ラーメンの丼

好きな漫画家さんがいる。
漫画も勿論好きなのだけど、その方の発信が好きなのだ。
SNSでは衣食住、旅、美容、少し前に家族に迎えられた素敵な猫ちゃんのことなど多岐に渡り、月並みな表現だけと、センスが素晴らしく、イラストや写真が添えられたすっと馴染んでくる文章が大好きで、更新されていると見に行っては、自分が知らなかったキラキラしたことをインプットしてほくほくとして現実に帰ってきた。

季節が変わる前から休職しているわたしは、なるべくSNSから離れていたけど、その方のブログやインスタはそっと見せていただいていた。
一時期ラジオで以前住んでいた街について紹介してくださったことがあり、それを聞いて某スコーンが美味しいパン屋さんに並んだりもした。

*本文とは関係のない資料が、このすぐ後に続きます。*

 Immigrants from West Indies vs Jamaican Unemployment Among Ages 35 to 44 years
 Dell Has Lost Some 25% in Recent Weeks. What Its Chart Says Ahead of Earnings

最近合羽橋に行かれていたブログがアップされていて、お店や店員さんの雰囲気についても細かく書いてあり、わたしはラーメンの丼の紹介ではっと思った。

夫と「ザ・ラーメンという丼がほしいね」と数ヶ月前に話したのを思い出したからだった。

「あの!暑くて今は無理だけど!もう少ししたら、一緒にラーメンのどんぶりを…」

リモートワークの休憩中の夫に伝えに言った。
涙が出てきた。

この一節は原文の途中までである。